She was outfitted with a variety of guns, depth charge tracks, Y-guns, and Mousetrap and placed in service as a patrol vessel.
Muskeget was built as the commercial cargo ship SS Cornish in 1923 by Bethlehem Shipbuilding Corporation at Sparrows Point in Baltimore, Maryland.
Commissioned into the Coast Guard as USCGC Muskeget (WAG-48) on 1 July 1942,[1] she was assigned Boston, Massachusetts, as her home port[1] and to duty with the North Atlantic Weather Patrol.

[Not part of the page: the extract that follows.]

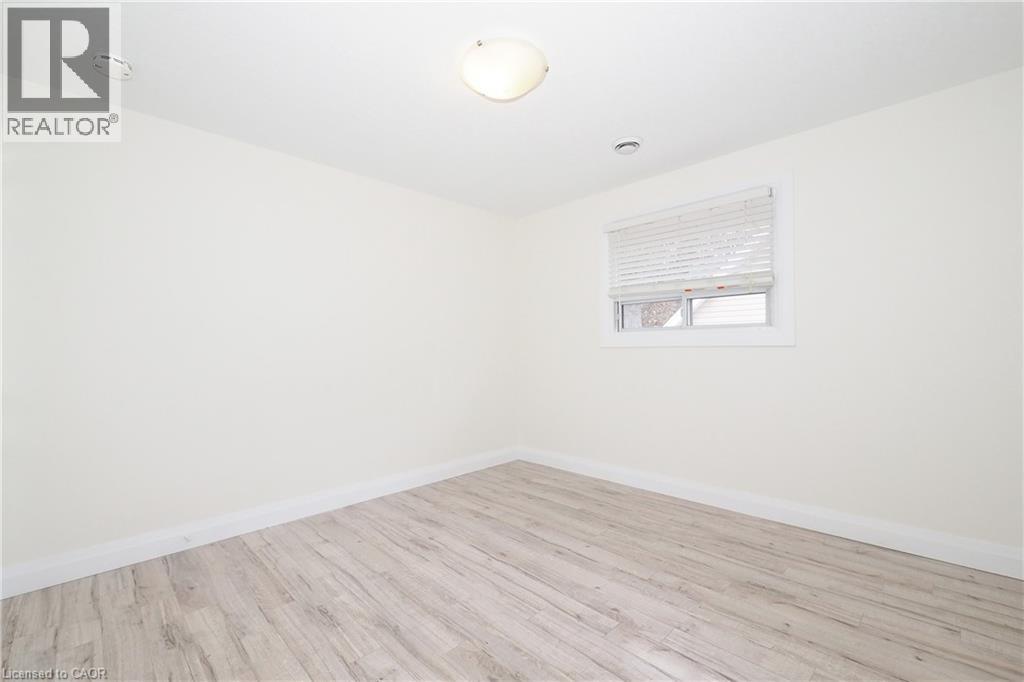 207 SHELDON Avenue N - 30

[1][2] At 14:54 hours on 9 September 1942, the German Navy submarine U-755, operating as part of a wolfpack, sighted Muskeget emerging from a rain squall in a heavy swell about 400 nautical miles (740 km; 460 mi) east of Newfoundland and misidentified her as an auxiliary merchant cruiser.
U-755, commanded by Kapitänleutnant Walter Göing, fired two torpedoes, heard the sounds of Muskeget's boilers exploding and bulkheads collapsing as she sank, then surfaced and found a life raft and survivors in the water, but little wreckage.
[2] Although the other personnel lost with Muskeget all received a posthumous award of the Purple Heart, the four civilian Weather Bureau meteorologists – Luther H. Brady, Lester S. Fodor, George F. Kubach, and Edward Weber – did not.
The four men received the Purple Heart posthumously in a ceremony at the Naval Heritage Center auditorium at the United States Navy Memorial in Washington, D.C., on 19 November 2015.
[2] American Legion Post 2543 in Plattsmouth, Nebraska, is named for Fireman First Class Harold Wolever, Jr., a Coast Guardsman who died in the sinking of Muskeget.